For three independent samples, each with n= 100, the respective sample proportions are 0.30, 0.35, and 0.25. Use the 0.05 level in testing whether the three population proportions could be the same.

See response to Vannessa:

http://www.jiskha.com/display.cgi?id=1250130840

To test whether the three population proportions could be the same, we can use the chi-square test for independence. Here's how to calculate it step by step:

Step 1: State the hypothesis:
H0 (null hypothesis): The three population proportions are equal.
HA (alternative hypothesis): At least one population proportion is different.

Step 2: Calculate the expected frequencies:
To do this, we need to assume that the null hypothesis is true and calculate the expected frequencies for each category. In this case, we have three categories (the three sample proportions), so we need to calculate the expected frequency for each category.

Expected frequency for each category = (total sample size) * (proportion under H0)

In this case, the total sample size is 100 for each sample. Under H0, since the three proportions are equal, the proportion under H0 is the average of the three proportions (0.30 + 0.35 + 0.25) / 3 = 0.30.

So, the expected frequency for each category is: 100 * 0.30 = 30.

Step 3: Calculate the chi-square statistic:
To calculate the chi-square statistic, we use the formula:

χ^2 = Σ((observed frequency - expected frequency)^2 / expected frequency)

In this case, we have three categories. Let's calculate the chi-square statistic for each category and sum them up.

Category 1: (0.30 * 100 - 30)^2 / 30 = 10
Category 2: (0.35 * 100 - 30)^2 / 30 = 6.67
Category 3: (0.25 * 100 - 30)^2 / 30 = 6.67

Summing up the three chi-square statistics, we get: χ^2 = 10 + 6.67 + 6.67 = 23.34.

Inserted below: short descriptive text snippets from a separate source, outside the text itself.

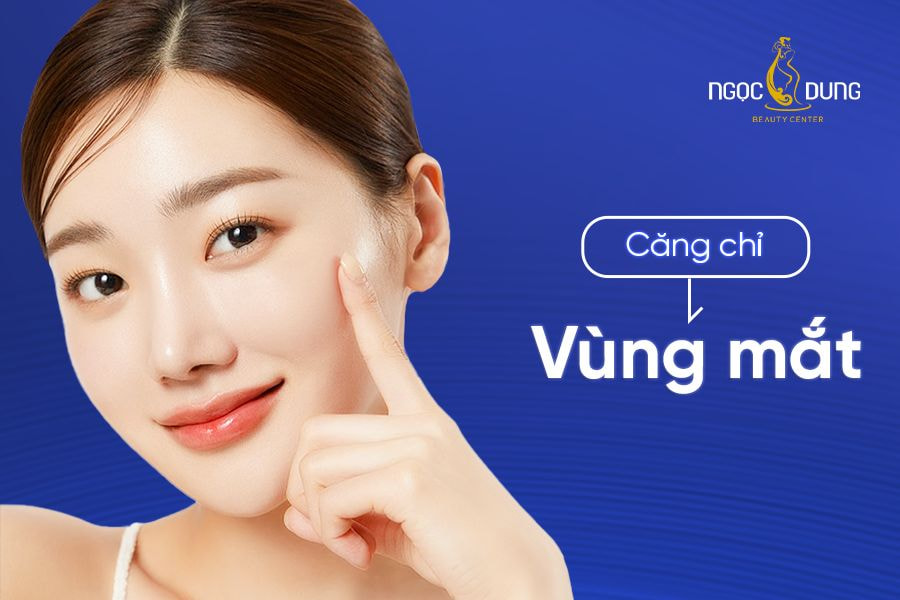 căng chỉ vùng mắt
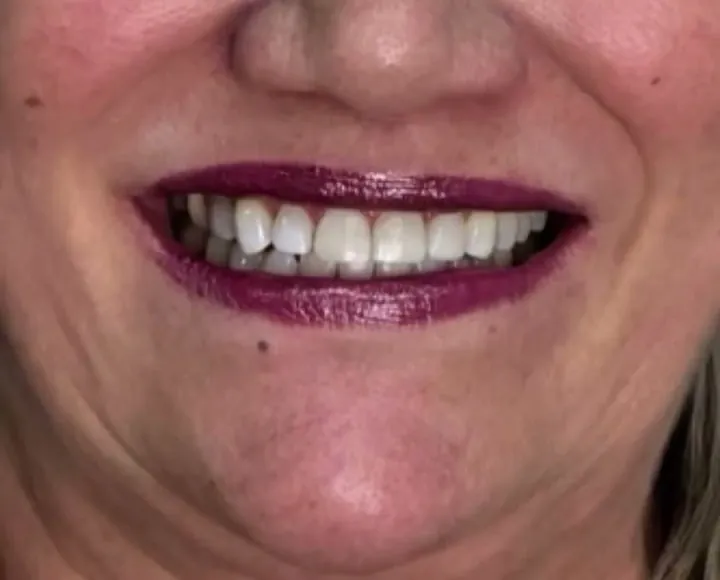 Facetas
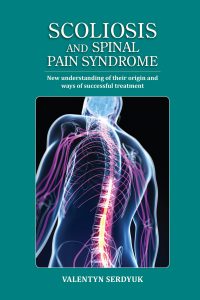 Scoliosis and spinal pain syndrome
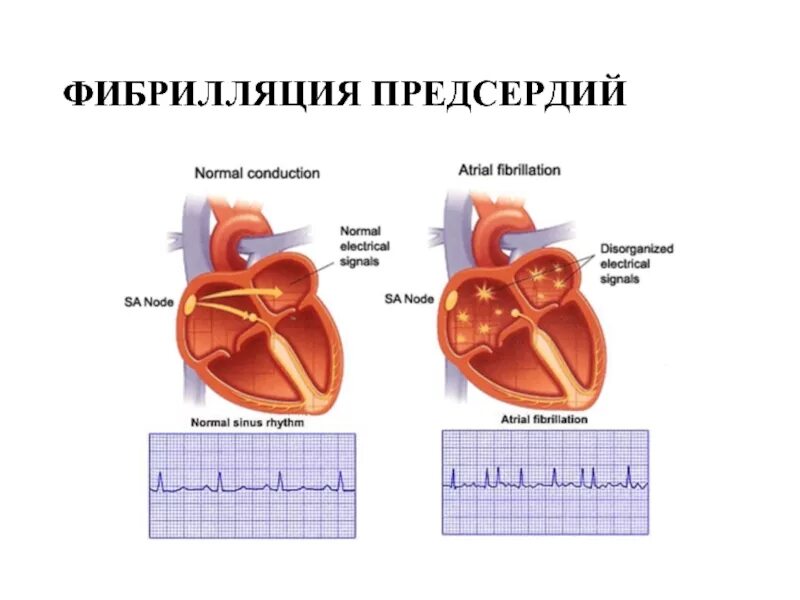 Фибрилляция предсердий. НРС фибрилляция предсердий. Неклапанная фибрилляция предсердий. Пароксизмальная фибрилляция предсердий. Предсердие болезни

Step 4: Determine the critical value:
To determine the critical value for a chi-square test with three categories and a significance level of α = 0.05, we need to consult a chi-square distribution table or use statistical software. For this example, the critical value is 7.815.

Step 5: Make a decision:
Compare the calculated chi-square statistic (23.34) with the critical value (7.815). If the calculated chi-square statistic is greater than the critical value, we reject the null hypothesis; otherwise, we fail to reject the null hypothesis.

In this case, 23.34 > 7.815, so we reject the null hypothesis.

Step 6: State the conclusion:
We conclude that there is sufficient evidence to suggest that at least one of the population proportions is different.